World of Warcraft’s famous floating quest complete icon

Realtime task-completed sounds and messages, floating icons, flashing objects, completion percentage bars, active-quest map markers all conspire to aid the player and spare them experimentation and failure.[6]

The modern RPG has evolved to adapt to expanding problem spaces in games and incorporated feedback systems designed to mitigate that expansion. Consequently, the quality of the challenges offered by modern RPGs has transformed as mnemotechnics proliferate, and design principles are converging on a very narrow model of player experience and fun. The player is effectively rendered as a task manager and information consumer rather than a questing adventurer.

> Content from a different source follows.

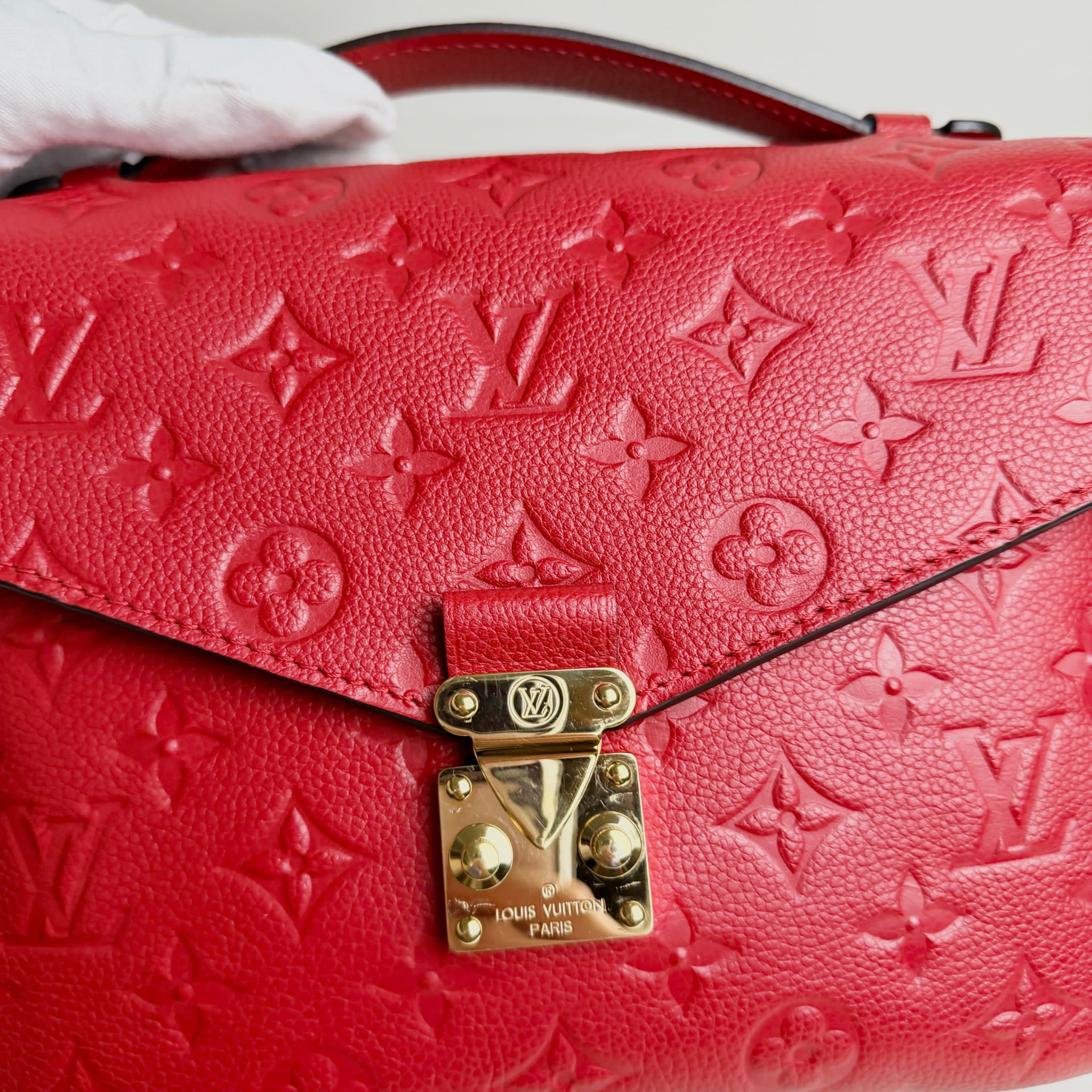 Red handbag with gold lock and Louis Vuitton logo, held by a gloved hand.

Questing, a purposive activity of inquiring into the given problem space of a game world is undermined when mediated by amnemonic game design (see fig.3).

fig.3,  Schematization of Amnemonic Design

Forgetful Realms: Decline of the Questful Gamer?

This criticism of modern RPG design should not be understood as a call to return to the minimalism of QFG, or even to eliminate the use of the popular mnemotechnics that characterize bestselling games like TES4. The problem is not with aiding player memory, but in doing it so pervasively, and with no clear understanding of how the challenge and meaningfulness of questing is changed—how the pleasures of exploration, inquiry, and diegetic understanding can be undermined by poorly designed archive and feedback systems. Amnemonic design transforms quests into tasks and achievements, relegates diegetic reasoning and interpretation of lore to an option, and narrows the pleasure of inquiry to information collection. To be questful is to be “inclined to quest or search,” yet amnemonic design only affirms our inclinations to collect, achieve or complete—and to do so with maximum efficiency. Unfortunately, these values are also reinforced in our wider economy (material and informational) as well as the new media ecology generally. The growing interest in how technology addresses human memory (Ex. 1, 2, 3, 4) should inspire gamers to reflect on this aspect of contemporary gaming. This will be of particular concern to RPG gamers, since there is a close relationship between the way an RPG game addresses their memory and the kind and scope of the challenge and fun it affords them as players.


[1] The extent to which we actually should be worried depends on the importance we place on complex reasoning on ideas that are irreducible to representation as information, data, images, etc. This concern is similar to Plato’s concern about writing as a replacement for memory.

[2]By “unaided” I mean that there are no aspects of the interface or gameplay that consistently guide, cue, or remind the player of things they should do or understand in the fictional game world.

[3]The concept of “the problem space” of a game was introduced to me by my colleague Eliot Hemingway who has taught a few courses on games and difficulty.

[4]This is a complicated relationship. Better memory technology opens up possible game world expansion, but better graphics capabilities always constrain the expansion by requiring more design work be put into content. The apex of RPG game world expansion seems to have plateaued as the industry reacts to the time economy of players who increasingly desire easier and more modular gaming sessions.

[5]This is often seen as good game design (without any qualification) since the frustrations of learning the game interface are also mitigated by this technique, especially for first-time players.

[6]It is not that any of these mnemomtechnics are categorically bad, but rather that their inclusion is becoming obligatory and detached from any reflection on how they might affect the kind of experience and challenge the game seeks to foster.